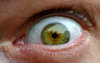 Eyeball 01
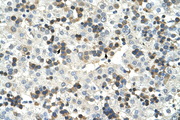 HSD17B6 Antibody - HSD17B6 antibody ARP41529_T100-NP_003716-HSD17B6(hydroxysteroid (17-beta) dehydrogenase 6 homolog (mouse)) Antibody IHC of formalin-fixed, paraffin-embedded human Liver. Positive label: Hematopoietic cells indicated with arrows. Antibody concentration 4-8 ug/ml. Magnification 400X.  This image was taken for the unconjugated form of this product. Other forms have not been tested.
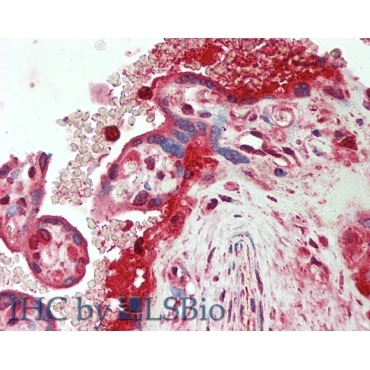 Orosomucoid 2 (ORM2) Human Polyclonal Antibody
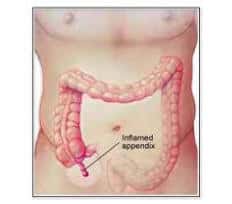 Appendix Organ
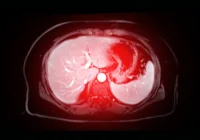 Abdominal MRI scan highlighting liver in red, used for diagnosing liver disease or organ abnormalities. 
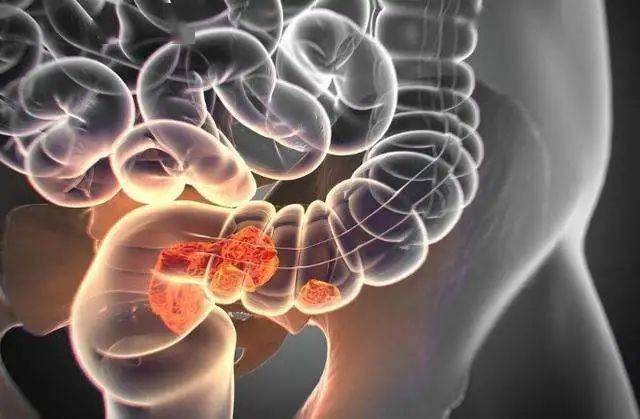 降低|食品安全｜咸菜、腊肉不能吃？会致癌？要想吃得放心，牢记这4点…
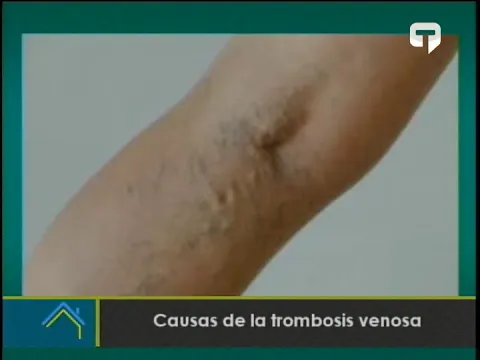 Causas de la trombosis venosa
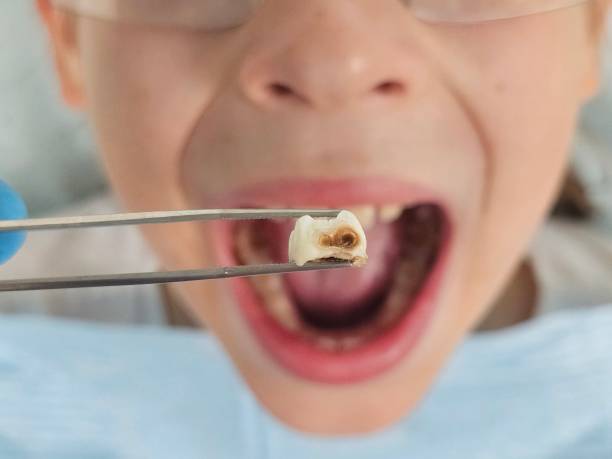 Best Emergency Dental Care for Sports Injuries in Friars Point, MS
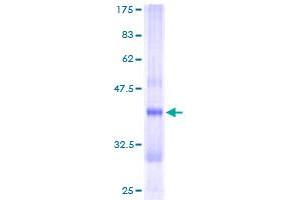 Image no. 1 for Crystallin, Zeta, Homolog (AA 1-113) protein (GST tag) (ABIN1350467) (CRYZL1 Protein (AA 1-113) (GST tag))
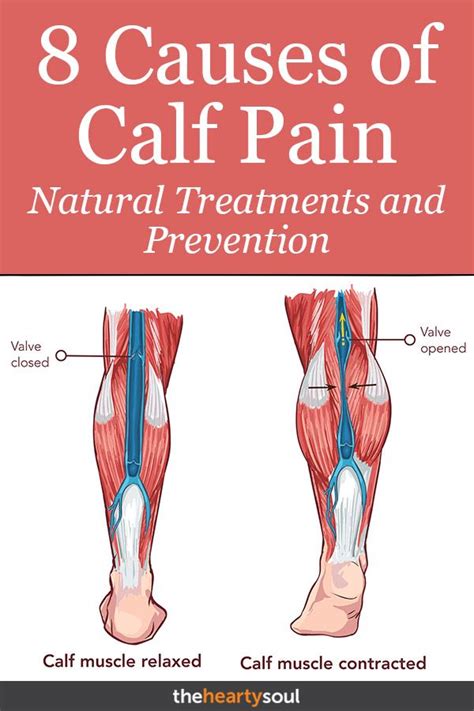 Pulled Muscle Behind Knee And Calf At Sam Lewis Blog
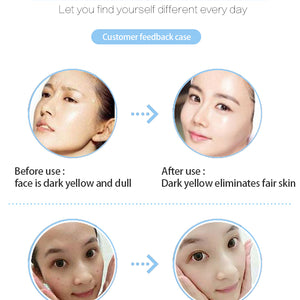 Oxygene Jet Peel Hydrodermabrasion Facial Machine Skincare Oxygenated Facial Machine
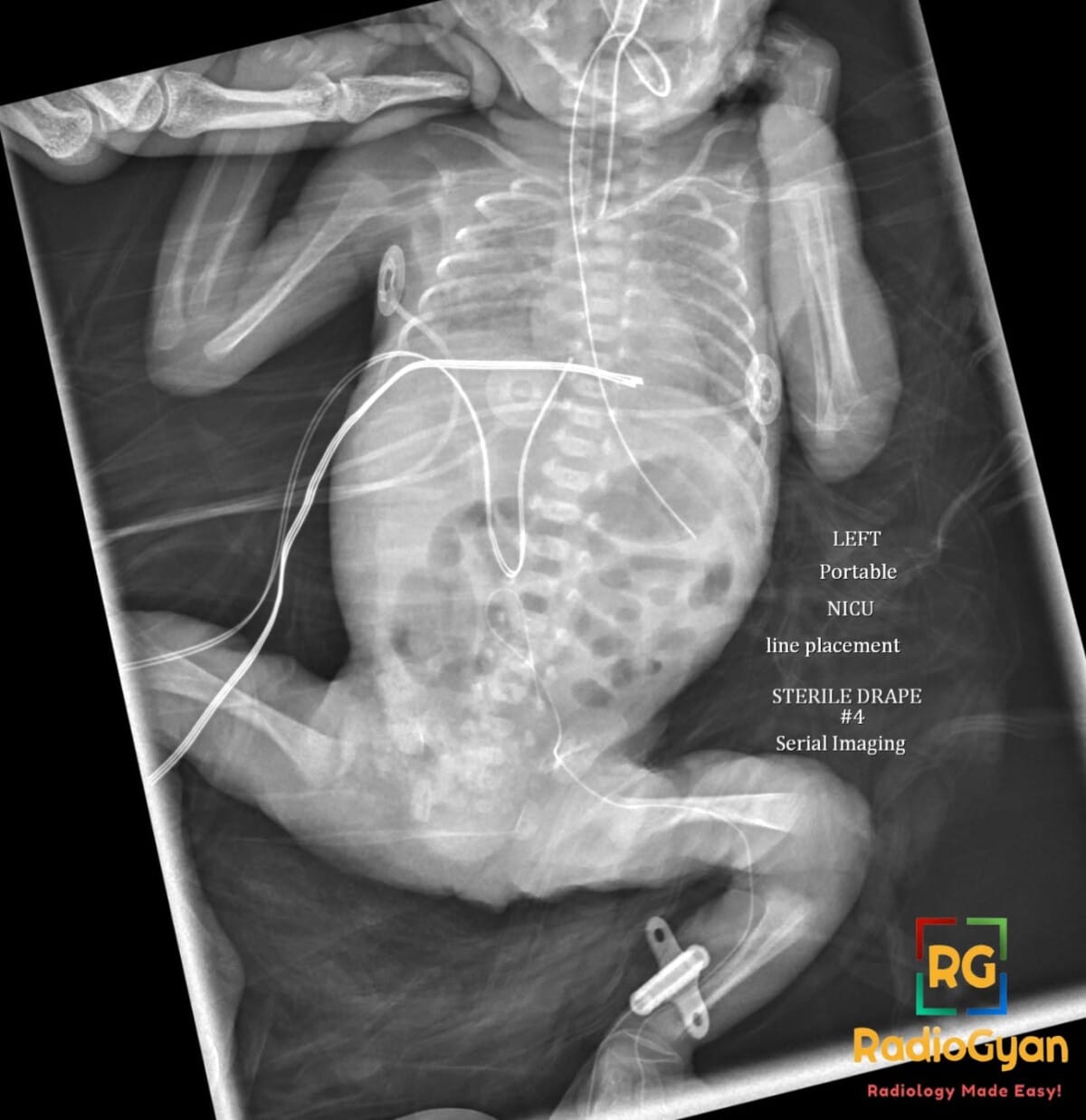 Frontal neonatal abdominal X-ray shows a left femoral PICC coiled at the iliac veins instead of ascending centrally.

★ ★ ★ ★

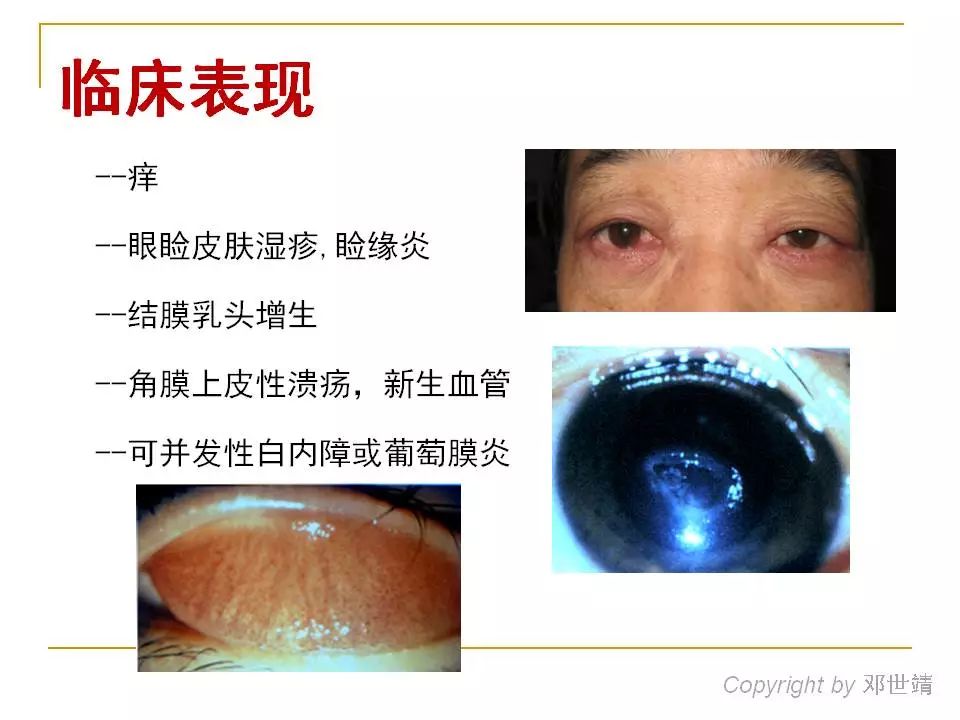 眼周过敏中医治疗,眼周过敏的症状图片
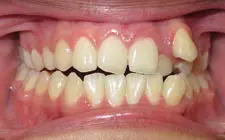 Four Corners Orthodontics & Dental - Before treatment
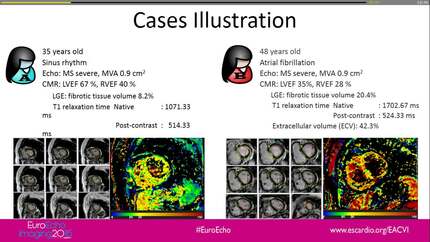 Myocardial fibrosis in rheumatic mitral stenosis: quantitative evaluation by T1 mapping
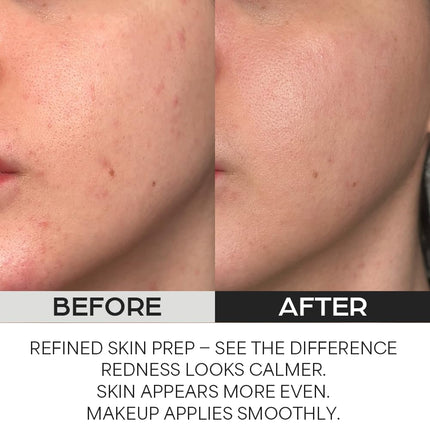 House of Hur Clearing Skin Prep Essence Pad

★ ★ ★ ★

Prompt
Copy word for word only the lines above from the one with "Oxygene Jet Peel" through the one with "Frontal neonatal abdominal". Leave pictures out.

Task response
 Oxygene Jet Peel Hydrodermabrasion Facial Machine Skincare Oxygenated Facial Machine
 Frontal neonatal abdominal X-ray shows a left femoral PICC coiled at the iliac veins instead of ascending centrally.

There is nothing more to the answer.